I have a super picky kitty who will one week love her food then the next act as if I brought her sewage. Which in turn means I donate a lot of kitty food to the local humane society. Almost two weeks ago I went in to drop off some chow and the woman behind the desk who I knew for years told me all about the rats that were brought in a few days ago, one of which had just given birth to seven babies. The story behind her is that she was seized in a cruelty issue from a house outside of town, she was found in the cage with a few other rats, including two dead ones. I went back to visit and the babies mother (We named her Darla) seemed very stressed, she had overgroomed herself and had bald patches on her. I can only guess this was due to stress at all the noise and I am guessing she was a first time mother as she seems very very young. Well I had done some foster work there in previous years, mostly small animals and a few birds so I offered seeing as I just had small babies in the house to remove mom and babies from the situation. I was given the Ok and I brought them home the next day, got Darla into a nice cage with a little hut for her to feel safe and secure. I can only imagine she felt wonderful, her own food bowl and her own water bottle. One baby passed away overnight bringing the grand total to 6 pink marshmallows. It was a bit exciting to see how they would look, I could tell what their mother was (black and white straight furred Dumbo) but who knows what their father looked like since their were so many in the cage. It is now about two weeks since they got here and I believe their father was also a dumbo as they all look like they have dumbo ears. Their colors are black and white like mom, perhaps also like dad. I noticed from day one that one baby was a lot smaller then the others, and in fact that she was only born with one eye. Darla has never thrown her away and continues to feed her so I see that she believes her baby is just fine. I have 3 girls and three boys available and I will post pictures below. Any help you have would be very appreciated, and there will be an adoption fee of $5 for each baby to be returned to the humane society to help them with all the hard work they do. =)
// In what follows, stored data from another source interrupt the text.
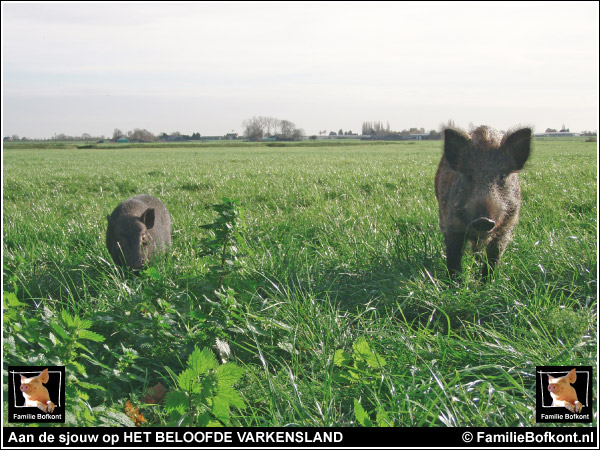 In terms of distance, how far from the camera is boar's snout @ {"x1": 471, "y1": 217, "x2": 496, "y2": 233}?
12.6 feet

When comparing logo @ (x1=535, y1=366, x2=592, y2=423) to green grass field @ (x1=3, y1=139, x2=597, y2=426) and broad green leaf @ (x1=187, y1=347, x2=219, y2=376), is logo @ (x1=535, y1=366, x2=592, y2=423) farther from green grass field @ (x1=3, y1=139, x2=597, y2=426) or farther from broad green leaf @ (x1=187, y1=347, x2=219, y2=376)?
broad green leaf @ (x1=187, y1=347, x2=219, y2=376)

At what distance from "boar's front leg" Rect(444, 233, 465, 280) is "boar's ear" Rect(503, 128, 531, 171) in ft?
2.75

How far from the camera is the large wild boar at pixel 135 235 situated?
539 centimetres

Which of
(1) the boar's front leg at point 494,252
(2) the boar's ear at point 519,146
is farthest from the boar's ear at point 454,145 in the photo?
(1) the boar's front leg at point 494,252

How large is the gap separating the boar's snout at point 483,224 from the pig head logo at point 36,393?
10.7ft

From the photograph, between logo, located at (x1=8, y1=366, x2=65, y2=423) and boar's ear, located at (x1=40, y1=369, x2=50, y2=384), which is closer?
logo, located at (x1=8, y1=366, x2=65, y2=423)

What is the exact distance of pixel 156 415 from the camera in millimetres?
2729

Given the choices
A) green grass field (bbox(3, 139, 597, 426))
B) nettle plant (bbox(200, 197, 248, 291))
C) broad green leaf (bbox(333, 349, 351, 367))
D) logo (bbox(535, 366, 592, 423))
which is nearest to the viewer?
logo (bbox(535, 366, 592, 423))

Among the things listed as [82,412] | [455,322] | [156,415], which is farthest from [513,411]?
[82,412]

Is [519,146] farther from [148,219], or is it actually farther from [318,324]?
[148,219]

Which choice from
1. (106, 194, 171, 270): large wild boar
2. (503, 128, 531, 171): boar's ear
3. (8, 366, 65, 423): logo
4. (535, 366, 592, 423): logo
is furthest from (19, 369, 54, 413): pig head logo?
(503, 128, 531, 171): boar's ear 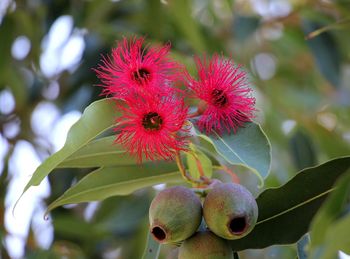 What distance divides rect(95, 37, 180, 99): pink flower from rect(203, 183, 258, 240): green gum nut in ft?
0.72

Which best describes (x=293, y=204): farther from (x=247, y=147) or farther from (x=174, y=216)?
(x=174, y=216)

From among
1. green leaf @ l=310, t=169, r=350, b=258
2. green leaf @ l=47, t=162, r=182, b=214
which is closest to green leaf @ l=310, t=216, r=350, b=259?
green leaf @ l=310, t=169, r=350, b=258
This little girl has Dumbo ears and rexed fur, she is all black with white feet and a white tipped tail:









This girl is all white but has a black mask over her eyes, Straight fur with Dumbo ears:









This is our runt, she has straight fur and I am guessing straight ears but they may change. Beautiful cap and butt spot:









This is our first boy, he has rexed fur and dumbo ears, he is black but looks like he is wearing a tank top with his white arms. Also has a small white spot on his head:









This boy has a pretty black hood and one back spot, very energetic for his age. He has straight fur and Dumbo ears:









And our last boy has dumbo ears and straight fur, not to mention he looks like a little dalmatian and has a large black heart on his face:


----------



## Grawrisher (Sep 10, 2013)

They are all so freaking cute, you're a bit far though 


Sent from Petguide.com Free App


----------



## Amummert145 (May 31, 2013)

How can you resist?! They are so cute!


----------



## PaigeRose (Apr 12, 2013)

I cannot handle more babies but I am a sucker for the white with mask. 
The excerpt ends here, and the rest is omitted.